Oh, hello daunting Bag-o-Parsnips. I can barely figure out what to do with one of you, never mind a pile of you. Another roast? Another mash? Too boring, too….beige.
Fortunately I discovered a sunny yellow box of turmeric in the back of my cupboard. And next to it, some damn spicy curry powder. To the Soup Machine!! On y va, mes amies!!
Here’s the soup:
1 bag of parsnips. Probably 6 parsnips, or like a pound or something. Cut them into 1-inchish pieces.
1 glug of olive oil
1 yellow onion, chopped but don’t try too hard cuz we’re gonna blitz them with the immersion blender anyway.

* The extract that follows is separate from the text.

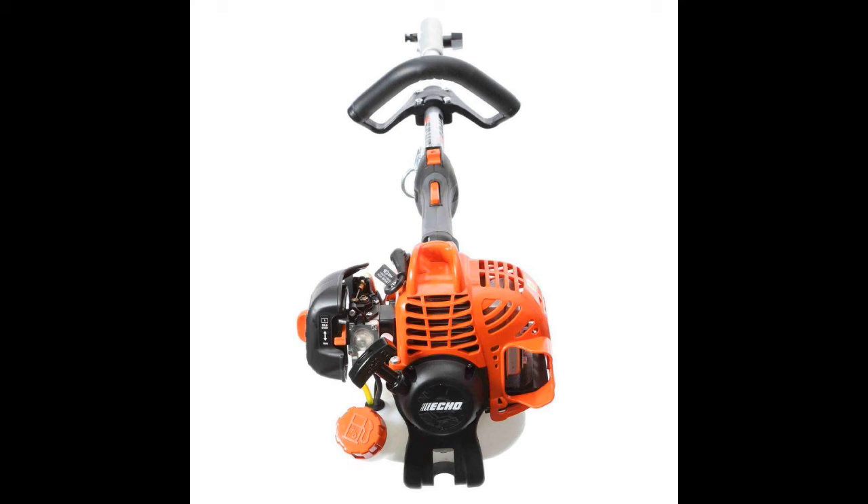If you buy an Echo string trimmer, buy the Echo two-cycle oil for it and buy the Echo string for it — just buy it all because it's designed that way. You can use other brands of string that people on YouTube recommend, but I'd recommend buying Echo brand stuff to use with the Echo trimmer. It just makes it easier.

4 teeth of garlick, squashed and diced.
1 bay leaf, or more if they’re dried out and decrepit like mine
2 teaspoons of turmeric
1 tablespoon curry powder
3 cups of veg stock (or whatever stock is on hand)
salt & pepper
Sautee down your onion and garlick a bit, add bay leaf, turmeric and curry until everything’s yellow. Then add parsnips and stock. Burble away for like 40 minutes. Add salt & pepper, adjust curry/turmeric as needed, and remove the bay leaf. Then throw everything in a blender and marvel at how awesome your kitchen smells.